Ron Cherry: Second time around with a Midyear Corvette |

Ron Cherry: Second time around with a Midyear Corvette

The 1963-1967 Midyear Vettes, the first Sting Rays, had a dramatically modernized styling and four-wheel independent suspension, giving them true sports car handling for the first time. 1965 was the first year for four-wheel disc brakes, giving them stopping power to match their horsepower.
Photo by Ron Cherry

Back in 1971, Ed Arroyo ordered a new Datsun 240Z. At the time, these sport coupes were so popular that there was a waiting list for delivery. He was working at his father’s body shop in San Francisco at the time and growing tired of waiting after six months with no delivery when they towed a stolen-recovery red ’66 Vette roadster into their storage yard.

The car was nicely optioned, with rare power windows and air conditioning. However, many parts had been stripped from the car by the thieves and the car wasn’t worth the money then that it would be now. Eventually, his father ended up with the Vette for the charges against it.

“I was really a Chevy kid,” he said. “So I cancelled the 240Z and got it from my dad.”

He soon put it back on the road, with a black convertible top and factory sidepipes, plus a hidden “kill switch” that stopped the car from running when it was off to prevent a recurrence.

A stroke of bad luck

When wife Marilyn parked it at the Safeway where she worked, she didn’t use the kill switch and, as fate would have it, it was again stolen.

“I was in a panic,” Ed said. “I didn’t have comp insurance.
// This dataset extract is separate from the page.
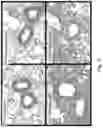 Fig. 12 - Methods and compositions relating to the treatment of fibrosis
I talked to a tough guy who was a friend of a friend and not long after he told me where to find it sitting on blocks.”

It had been stripped again, but Ed was becoming an expert on reassembly and put it back together. Although he and his wife loved the car, a house was more important so he sold it in 1975.

“I got $3,500 for it,” he remembered. “It’d be worth a small fortune now.”

In 2009, another Midyear Corvette came his way. Ed owned a body shop in San Francisco when a car dealer around the corner, Classic Car West, brought him a red ’65 Vette roadster for a minor repair. It had a small crack in the fiberglass above the license plate holder.

Rebuild mode

The car was in relatively good condition inside and out, with a white convertible top, plus optional knock-off wheels, teak steering wheel and an AM/FM radio with a power antenna. The running gear was in great shape, with a mild 300 horsepower 327 cubic inch engine with a 4-speed trans.

“I decided that car wasn’t going to leave my shop,” he said. “It was going to replace the Vette I sold.”

He bought it. Since his 40th anniversary was approaching, he had an idea. After fixing the crack, he drove it home, parked it in the garage and put a big red bow on top of it. Then he brought out his wife.

“When Marilyn saw it, she started crying,” he said. “She said, ‘What have you done? How much have you spent?’ After about 20 minutes, she came back and said, ‘I want a black top and sidepipes like the other Vette had.’”

Once the Vette was truly a part of the family, Ed set about doing a frame-on restoration.

“I was going to retire soon, and figured I’d better do it while I still owned a body shop,” he said.

He did a repaint, replaced all weatherstripping, refurbished the gauges and “replaced every wire in the car, dash, lights, everything.” Inside, he pulled up the carpet, installed Dynamat insulation, redyed the faded carpet and reinstalled it. He also put on new seat covers. It didn’t have power steering, so he bought an aftermarket power steering gearbox, but found he would have to cut the steering shaft to install it.

“I went for stock power-assisted steering instead,” he said. “The new gearbox is sitting on a shelf.”

The Vette did not have the optional hard top, but he found one at the L.A. Roadster Show in Pomona, California.

“I almost had to fight a guy who wanted it too,” he said. “I repainted it red, redid the headliner and replaced the weatherstripping. Since then, it just sits in the garage.”

Most importantly, he changed the convertible top to a black one and installed sidepipes.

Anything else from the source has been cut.